The recent Assembly election delivered seismic change. The idea of a perpetual unionist majority in the North is now also gone.
Meanwhile, Brexit has changed everything. The prospect of the North being dragged out of the European Union against the democratically expressed wishes of people there, has horrified citizens across the political spectrum and turns on its head the "principle of consent".
The main unionist party, the DUP, is out of step with people from both communities, not just on Brexit, but on a range of issues, including marriage equality, a Bill of Rights and an Irish Language Act. This is particularly true of younger voters.
Being part of a new, reimagined and outward-looking Ireland will prove ever more attractive to people from all backgrounds in the North in the time ahead.
Significant demographic changes mean the number of those identifying as “British” is declining, while those identifying as Irish or “Northern Irish” is increasing.
Political positioning, based solely on opposition to Irish unity, is unsustainable.
People in Belfast, Derry or Fermanagh need answers to everyday social and economic problems. As the North changes, wrapping everything in the union flag will prove an increasingly threadbare political policy.

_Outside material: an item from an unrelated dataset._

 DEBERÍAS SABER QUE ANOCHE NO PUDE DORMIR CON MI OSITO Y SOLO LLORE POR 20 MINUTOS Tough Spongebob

There now exists a potential for a progressive consensus among Sinn Féin, the SDLP, Alliance, the Greens, People before Profit, and individual MLAs.
National identity
Laying out a vision of what a united Ireland might look like is crucial in allaying fears among unionists of reverse discrimination or cultural marginalisation in a united Ireland.

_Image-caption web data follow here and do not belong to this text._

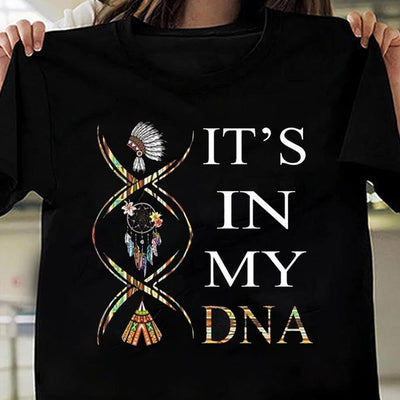 It's In My DNA Native American Shirts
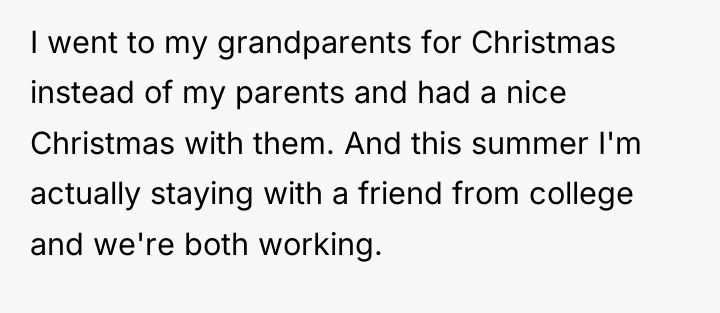 I went to my grandparents for Christmas instead of my...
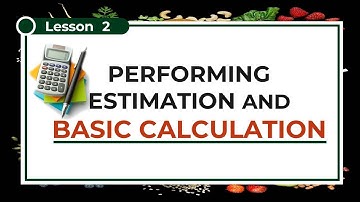 LESSON 2 T L E: PERFORMING ESTIMATION AND BASIC CALCULATION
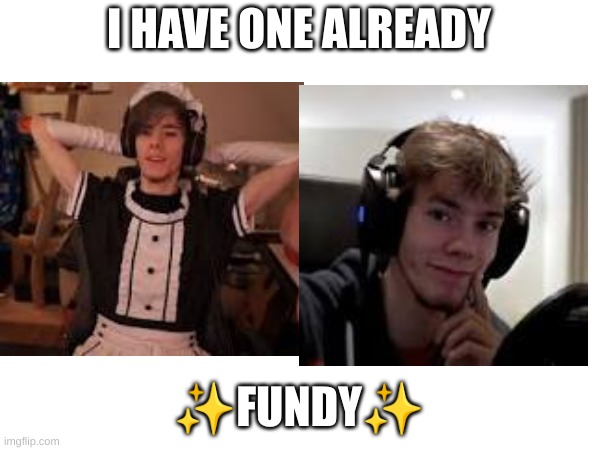 I HAVE ONE ALREADY ✨FUNDY✨ | made w/ Imgflip meme maker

If Kane is correct, and unionist opposition to reunification boils down to the issue of national identity, let’s talk about that.
The British cultural identity of many people in the North can and must be accommodated and given expression in any united Ireland. This may involve wide-ranging constitutional change.
For a start, we cannot have an inclusive, united Ireland while one church maintains undue influence over education or health services.
We may have to look at new symbols and emblems to reflect a new, inclusive, agreed Ireland.
People holding British citizenship should be permitted to continue to hold such citizenship and have the right to pass this on to their children without prejudice to Irish citizenship.
New accommodations and political arrangements can serve to transcend old communal, cultural and sectarian divisions.
Those who wish to see a united Ireland need to be open to transitional arrangements, including continued devolution to Belfast within an all-Ireland structure.
Another challenge thrown down by Kane was to Southern political parties. He wanted to know the position of Fine Gael and Fianna Fáil on Irish unity.
This was echoed by Kevin Meagher, former adviser to a secretary of state for Northern Ireland, who said parties, other than Sinn Féin, must plan for Irish unity.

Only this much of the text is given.